By Sydney Shaw
While we often hear about students putting themselves through school, it’s a feat that is easier said than done.
Stephanie, a representative from education funding provider Sallie Mae who did not wish to have her full name disclosed, answered some questions I had about the likelihood of a student to be approved for a loan, sans a cosigner.
“While it is a case-by-case basis,” she emphasized, “in my experience, most students applying for a loan will need a cosigner in order to get that loan approved.”
Stephanie went on to explain that because most students haven’t established a good credit score, Sallie Mae has nothing to base the approval on if the student submits a solo application. That’s why a cosigner is so important.
But what if you don’t have a cosigner?
“Well … try to get one,” Stephanie suggested, as if it’s a piece of cake.
With one parent still financially recovering from a bankruptcy, the other deep in credit card debt and one pair of grandparents taking out loans themselves to move across the country, they weren’t solid candidates to cosign for my loans.
It was a stressful summer trying to figure it out, but luckily, my other grandparents received credit approval and I was able to take out loans in my own name to attend the College for two more semesters.
Unfortunately, I can’t celebrate just yet.
The College is unable to release the check that contains the overage from my loan until October, which means I am unable to purchase my books for class for another five weeks or so.
This whole ordeal got me thinking, though. What about the students who literally have nobody to cosign for them?
A student can slog through classwork in high school and get accepted into the university of their dreams, but if their parents make just too much money to get a substantial amount of financial aid and the family doesn’t have a savings account, the student needs to take out loans.
That same student can be willing to take out tens of thousands of dollars worth of loans in their own name, knowing the debt to come after graduation.
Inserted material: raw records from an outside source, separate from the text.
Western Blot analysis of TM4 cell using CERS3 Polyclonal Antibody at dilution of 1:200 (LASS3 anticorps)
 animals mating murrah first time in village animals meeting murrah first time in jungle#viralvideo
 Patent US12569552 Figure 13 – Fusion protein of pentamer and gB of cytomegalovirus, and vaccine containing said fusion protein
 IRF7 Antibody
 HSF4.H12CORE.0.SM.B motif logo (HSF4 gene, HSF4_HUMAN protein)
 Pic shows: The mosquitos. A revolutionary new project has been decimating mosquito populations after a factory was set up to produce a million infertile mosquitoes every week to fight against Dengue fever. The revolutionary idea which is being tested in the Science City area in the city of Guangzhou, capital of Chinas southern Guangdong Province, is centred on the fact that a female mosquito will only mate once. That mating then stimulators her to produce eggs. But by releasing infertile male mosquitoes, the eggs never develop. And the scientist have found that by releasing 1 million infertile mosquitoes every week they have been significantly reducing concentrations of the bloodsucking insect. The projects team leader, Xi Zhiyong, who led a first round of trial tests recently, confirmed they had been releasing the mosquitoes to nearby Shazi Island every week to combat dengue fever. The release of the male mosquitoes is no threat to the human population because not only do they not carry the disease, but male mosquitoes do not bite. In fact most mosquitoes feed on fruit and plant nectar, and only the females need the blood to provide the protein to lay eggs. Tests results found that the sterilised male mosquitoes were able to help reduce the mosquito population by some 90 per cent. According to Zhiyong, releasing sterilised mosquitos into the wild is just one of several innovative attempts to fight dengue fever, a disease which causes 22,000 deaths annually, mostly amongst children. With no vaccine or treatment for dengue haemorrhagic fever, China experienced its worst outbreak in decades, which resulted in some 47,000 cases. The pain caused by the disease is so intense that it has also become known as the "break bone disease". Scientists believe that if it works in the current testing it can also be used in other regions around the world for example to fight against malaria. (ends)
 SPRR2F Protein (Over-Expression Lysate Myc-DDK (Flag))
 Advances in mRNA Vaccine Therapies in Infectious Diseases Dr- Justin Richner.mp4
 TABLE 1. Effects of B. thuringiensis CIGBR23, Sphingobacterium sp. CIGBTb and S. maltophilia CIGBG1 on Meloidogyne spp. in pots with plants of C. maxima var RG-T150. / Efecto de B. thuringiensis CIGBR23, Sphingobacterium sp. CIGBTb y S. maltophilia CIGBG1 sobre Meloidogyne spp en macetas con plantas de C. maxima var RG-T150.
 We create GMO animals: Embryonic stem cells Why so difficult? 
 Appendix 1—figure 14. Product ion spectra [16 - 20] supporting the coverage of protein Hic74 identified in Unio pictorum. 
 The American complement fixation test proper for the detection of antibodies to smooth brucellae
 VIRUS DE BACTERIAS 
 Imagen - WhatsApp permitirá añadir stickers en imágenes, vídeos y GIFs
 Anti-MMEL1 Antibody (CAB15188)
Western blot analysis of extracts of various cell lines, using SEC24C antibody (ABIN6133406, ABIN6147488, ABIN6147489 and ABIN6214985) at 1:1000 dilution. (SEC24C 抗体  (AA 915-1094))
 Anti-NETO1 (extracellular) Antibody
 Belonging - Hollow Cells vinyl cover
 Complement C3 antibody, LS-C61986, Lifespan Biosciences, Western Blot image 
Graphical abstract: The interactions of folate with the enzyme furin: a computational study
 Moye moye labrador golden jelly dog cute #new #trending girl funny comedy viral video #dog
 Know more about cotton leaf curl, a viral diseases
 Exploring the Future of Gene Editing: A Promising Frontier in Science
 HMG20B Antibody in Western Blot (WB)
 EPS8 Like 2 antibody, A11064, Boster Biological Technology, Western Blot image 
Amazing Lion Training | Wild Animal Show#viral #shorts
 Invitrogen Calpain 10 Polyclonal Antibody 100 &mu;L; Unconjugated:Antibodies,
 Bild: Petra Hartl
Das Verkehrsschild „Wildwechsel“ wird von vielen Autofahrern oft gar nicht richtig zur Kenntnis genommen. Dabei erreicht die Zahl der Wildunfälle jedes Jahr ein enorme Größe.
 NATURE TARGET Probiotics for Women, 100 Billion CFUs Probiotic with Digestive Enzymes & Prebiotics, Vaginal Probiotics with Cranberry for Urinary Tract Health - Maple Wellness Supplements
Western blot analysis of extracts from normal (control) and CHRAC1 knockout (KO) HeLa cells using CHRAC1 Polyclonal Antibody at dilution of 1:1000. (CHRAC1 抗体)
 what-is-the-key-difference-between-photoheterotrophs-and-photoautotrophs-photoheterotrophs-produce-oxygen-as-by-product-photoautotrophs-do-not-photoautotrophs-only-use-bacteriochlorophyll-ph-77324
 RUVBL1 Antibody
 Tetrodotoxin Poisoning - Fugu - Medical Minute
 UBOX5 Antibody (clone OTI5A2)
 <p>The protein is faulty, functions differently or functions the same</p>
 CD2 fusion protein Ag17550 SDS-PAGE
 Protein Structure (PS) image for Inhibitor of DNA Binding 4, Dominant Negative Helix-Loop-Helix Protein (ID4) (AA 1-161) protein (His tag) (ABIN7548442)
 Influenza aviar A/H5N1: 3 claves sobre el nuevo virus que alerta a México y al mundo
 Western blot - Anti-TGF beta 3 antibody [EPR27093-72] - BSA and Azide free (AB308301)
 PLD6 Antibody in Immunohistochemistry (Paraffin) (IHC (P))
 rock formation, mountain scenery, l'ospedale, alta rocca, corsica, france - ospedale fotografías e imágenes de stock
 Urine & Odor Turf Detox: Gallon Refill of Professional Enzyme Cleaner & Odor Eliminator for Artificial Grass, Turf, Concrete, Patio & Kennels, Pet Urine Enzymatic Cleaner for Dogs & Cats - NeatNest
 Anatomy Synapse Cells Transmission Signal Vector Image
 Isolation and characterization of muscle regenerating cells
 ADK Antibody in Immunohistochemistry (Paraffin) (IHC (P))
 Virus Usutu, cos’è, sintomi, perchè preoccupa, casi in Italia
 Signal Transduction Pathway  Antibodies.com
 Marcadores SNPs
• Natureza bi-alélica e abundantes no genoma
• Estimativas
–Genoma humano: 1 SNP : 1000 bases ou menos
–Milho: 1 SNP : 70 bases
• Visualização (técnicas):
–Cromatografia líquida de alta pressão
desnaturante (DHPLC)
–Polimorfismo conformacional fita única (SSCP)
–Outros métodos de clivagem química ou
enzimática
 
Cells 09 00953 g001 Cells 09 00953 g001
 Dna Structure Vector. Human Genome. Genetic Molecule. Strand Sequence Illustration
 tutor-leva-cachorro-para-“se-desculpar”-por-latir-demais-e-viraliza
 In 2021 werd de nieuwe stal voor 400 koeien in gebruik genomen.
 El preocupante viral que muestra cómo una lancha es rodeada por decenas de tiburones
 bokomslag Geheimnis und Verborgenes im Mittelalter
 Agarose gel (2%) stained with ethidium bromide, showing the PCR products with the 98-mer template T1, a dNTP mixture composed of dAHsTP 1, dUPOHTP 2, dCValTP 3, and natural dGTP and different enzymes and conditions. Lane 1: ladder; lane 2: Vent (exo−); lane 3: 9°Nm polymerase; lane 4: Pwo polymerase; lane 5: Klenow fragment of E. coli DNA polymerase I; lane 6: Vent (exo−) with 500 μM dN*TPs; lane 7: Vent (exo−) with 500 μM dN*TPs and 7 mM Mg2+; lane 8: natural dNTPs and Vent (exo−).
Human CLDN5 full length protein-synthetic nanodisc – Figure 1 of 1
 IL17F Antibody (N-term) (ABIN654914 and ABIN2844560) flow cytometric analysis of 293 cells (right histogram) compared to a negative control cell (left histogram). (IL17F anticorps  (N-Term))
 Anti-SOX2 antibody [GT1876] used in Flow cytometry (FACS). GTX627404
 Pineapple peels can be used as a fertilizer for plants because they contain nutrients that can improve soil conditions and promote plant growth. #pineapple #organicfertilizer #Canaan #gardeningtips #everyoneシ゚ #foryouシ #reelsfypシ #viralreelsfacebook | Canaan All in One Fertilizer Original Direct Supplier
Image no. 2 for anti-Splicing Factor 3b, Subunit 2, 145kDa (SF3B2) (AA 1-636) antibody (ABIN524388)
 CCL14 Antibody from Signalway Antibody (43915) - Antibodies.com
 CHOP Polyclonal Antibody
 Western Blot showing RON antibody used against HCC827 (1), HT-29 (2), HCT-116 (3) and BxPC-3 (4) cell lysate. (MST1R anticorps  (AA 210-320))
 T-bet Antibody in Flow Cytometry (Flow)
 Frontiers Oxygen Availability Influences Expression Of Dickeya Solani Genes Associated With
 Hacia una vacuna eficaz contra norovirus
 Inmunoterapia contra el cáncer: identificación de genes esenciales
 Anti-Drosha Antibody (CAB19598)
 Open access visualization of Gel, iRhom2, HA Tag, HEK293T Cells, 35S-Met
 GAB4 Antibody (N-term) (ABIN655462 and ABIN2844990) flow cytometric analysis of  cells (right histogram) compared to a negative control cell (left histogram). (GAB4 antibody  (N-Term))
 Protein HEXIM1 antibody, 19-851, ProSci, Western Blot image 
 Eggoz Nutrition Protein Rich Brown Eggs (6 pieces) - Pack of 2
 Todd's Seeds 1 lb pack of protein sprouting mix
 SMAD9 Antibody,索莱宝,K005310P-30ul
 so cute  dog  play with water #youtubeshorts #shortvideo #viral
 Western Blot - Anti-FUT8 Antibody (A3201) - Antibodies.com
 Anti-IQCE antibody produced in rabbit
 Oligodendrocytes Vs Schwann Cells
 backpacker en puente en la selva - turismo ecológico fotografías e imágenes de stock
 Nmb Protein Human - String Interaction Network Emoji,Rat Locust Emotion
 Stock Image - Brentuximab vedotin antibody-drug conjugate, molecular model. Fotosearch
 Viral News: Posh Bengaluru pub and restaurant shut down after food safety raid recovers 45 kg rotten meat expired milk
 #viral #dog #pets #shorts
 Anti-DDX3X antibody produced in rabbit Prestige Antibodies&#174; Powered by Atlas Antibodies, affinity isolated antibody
And this still might not be enough to get into school if nobody in the family has a good credit score.
I understand the practicality of a cosigner — it ensures that if the student is unable to pay loans back, someone is on the hook for all that money. But the bottom line is it shouldn’t be so difficult for students to put themselves through school.
As if getting loans in the first place isn’t tricky enough, interest rates on many kinds of student loans have skyrocketed to almost nine percent, according to America’s Debt Help Organization.
That means for every $1,000 you borrow, you have to pay it back, plus $90 extra.
For College students using loans to pay for their tuition fees, room and board, meal plan and books (approximately $28,000 a year), it costs them $2,520 in interest alone.
If you can make scheduled monthly payments while you are enrolled in school, though, Sallie Mae reduces the interest rate by a quarter of a percent. How generous.
Big corporations should not use intelligent students as a moneymaking tool. It’s high time for major changes to come to the student loan system.